WASHINGTON -- Four State Department officials have been cleared of security failures that led to an attack last year on a diplomatic outpost in Benghazi, Libya, that killed U.S. Ambassador Chris Stevens, authorities said Tuesday.
State spokesman Marie Harf said the officials, who held senior positions at the Bureau of Diplomatic Security and the Bureau of Near East Affairs during the Sept. 11, 2012, attack, will be reassigned to new jobs.
She said an internal State review concluded "there was no breach of duty" by any of the four, who have been on paid administrative leave for months.
The State Department is not investigating any other employees. But the Benghazi attack has been under intense scrutiny by some House Republicans who have suggested the Obama administration is trying to cover up the circumstances and aftermath of the attack that left Stevens and three other Americans dead.
A review in December by the independent Benghazi Accountability Review Board described a security vacuum in Libya after rebel forces toppled the decades-long regime of strongman Moammar Gadhafi. It singled out the State Department's Bureau of Diplomatic Security and the Bureau of Near East Affairs for lacking cooperation and being confused over protection at the diplomatic post in Benghazi.
Among the four officials are Eric Boswell, assistant secretary of state for diplomatic security; Charlene Lamb, deputy assistant secretary responsible for embassy security; and Raymond Maxwell, deputy assistant secretary of state who oversaw the Maghreb nations of Libya, Algeria, Tunisia and Morocco. The fourth official's identity was not disclosed.
Pushes wildfire spending past $1B: Wildfires burning in California, Oregon, Idaho and Montana are taxing national firefighting resources and helping to push spending past $1 billion for the year. The National Interagency Fire Center in Boise upped the national wildfire preparedness level Tuesday to the highest level for the first time in five years. The center lists two central Idaho wildfires as the country's top priorities, helping provide crews and resources for the Beaver Creek fire, which forced the evacuation of 1,250 homes in the resort area of Ketchum and Sun Valley and has cost nearly $12 million so far.
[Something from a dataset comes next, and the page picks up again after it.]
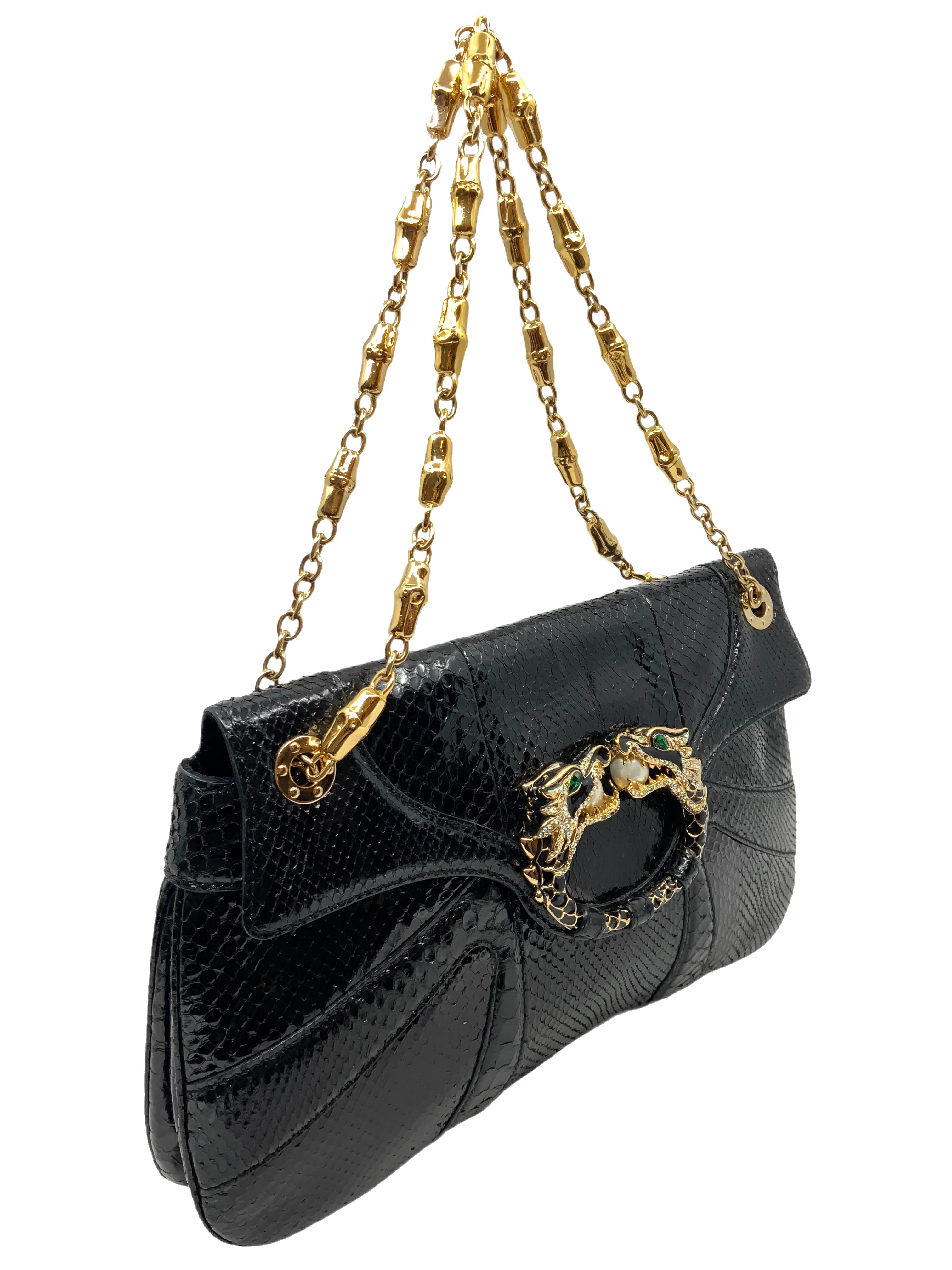 Gucci Limited Edition Tom Ford Snakeskin Jeweled Dragon Bag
To file longer Chapter 9 objection: Federal judge Judge Gerald Rosen will let Detroit's two pensions systems file longer eligibility objections to emergency manager Kevyn Orr's bankruptcy petition. Rosen granted the Detroit's police and fire retirement system and its general retirement system Tuesday to file objection in excess of the 25-page limit. Orr filed for bankruptcy last month. He's trying to restructure at least $18 billion in liabilities and says the pension systems are the two largest unsecured creditors. Orr said Detroit has underfunded obligations of $3.5 billion for pensions and $5.7 billion for retiree health. Some unions and individual retirees were among more than 100 creditors that filed objections by Monday's deadline.
Court not really into email: The members of the Supreme Court continue to communicate with one another through memos printed on ivory paper even as they face the prospect of hearing cases related to emerging technology and electronic snooping in the years to come, Justice Elena Kagan said Tuesday. The justices have a ways to go to understand technology such as Facebook, Twitter and even email, Kagan said in a conversation with Ted Widmer, a historian and librarian at Providence's Brown University who has been an adviser to Bill and Hillary Clinton. "The justices are not necessarily the most technologically sophisticated people," she said, adding that while clerks email one another, "The court hasn't really 'gotten to' email."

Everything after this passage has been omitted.